Sometimes I can be like a guy. For years I convinced Jon that we didn’t need a snowblower.
I like to shovel I told him and I do. But mostly I had this idea that there was something whimpy about using a snowblower. I know the idea comes from my father. He had all kinds of rules about what real men do and don’t do.
And there was nothing better than being a man in my family.
It’s something I aspired to for years no matter how hopeless it would always be.
When I think that I was still holding onto this archaic idea even last year, I’m embarrassed. I would have called anyone a jerk who behaved the way I did. My father’s been dead for over 20 years. I guess I was still trying to prove my worth to him.
I don’t know what let me drop it this year and go along with Jon’s suggestion to get a snowblower.
But I’m so glad I did.
Today, while I shoveled off the porch, emptied the snow out of the hay feeders, and shoveled around the water bucket, Jon used the snowblower to clear all the paths on the farm. Every one. I didn’t have to shovel any of them.
That left me time and energy to go for a snowshoe in the woods with Fate and Zinnia. Something I’d much rather do than shovel snow for hours.
8 thoughts on “Bless The Snowblower”
I hear my dad’s voice in my head all the time, and he died 10+ years ago. He was an electrical engineer (went to college at night after WWII on the GI Bill) and was always telling us to disconnect lamps amd appliances by pulling the plug out of the outlet. “Don’t yank on the cord!” When I caught him in his later years yanking on the cord, I knew the end was near. When I was little I didn’t get to see him much during the work week, so I hung out with him on Saturday mornings, going to the hardware store and puttering around the garage. Still have a lot of his tools.
My father too went to school on the GI bill, but he didn’t have a family yet. It’s so interesting those mundane things that become so important to people, it in some ways define them. It sounds like you had a sweet time being around your father on the weekends. That’s nice to hear about.
Every year the shoveling got worse for us that’s why I’m glad I live in the south now. I’m very glad that you have help from Jon now. LOL
I can see living someplace sunnier yearround when I get older Uta.
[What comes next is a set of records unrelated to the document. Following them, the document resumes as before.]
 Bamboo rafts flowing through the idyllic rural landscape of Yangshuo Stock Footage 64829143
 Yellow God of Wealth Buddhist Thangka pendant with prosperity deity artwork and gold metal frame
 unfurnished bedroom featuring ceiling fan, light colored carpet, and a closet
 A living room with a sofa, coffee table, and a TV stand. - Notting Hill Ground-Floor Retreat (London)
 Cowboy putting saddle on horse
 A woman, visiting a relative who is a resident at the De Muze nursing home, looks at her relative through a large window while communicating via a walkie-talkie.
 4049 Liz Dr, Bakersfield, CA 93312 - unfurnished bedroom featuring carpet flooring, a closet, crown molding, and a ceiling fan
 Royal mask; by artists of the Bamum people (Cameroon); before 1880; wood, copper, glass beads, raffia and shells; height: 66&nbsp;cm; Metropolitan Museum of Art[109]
I would beg him to stop by the pet store after we went to the hardware store. “We’ll just look at the puppies, Daddy. Just look!” That’s how I got my first pet, a little white bunny I named Thumper (after the rabbit in the Disney Bambi animated movie). I held him on my lap in a little paper bag on the car ride home. Dad said “Wait in the car until I tell Mom.”
That’s a classic story Jill. Makes me smile, so thanks.
Thank you for triggering these happy memories. My parents’ last few years were more than a little tough, and it’s a blessing to let my mind and heart roam back to happier times.
And thank you for sharing them Jill.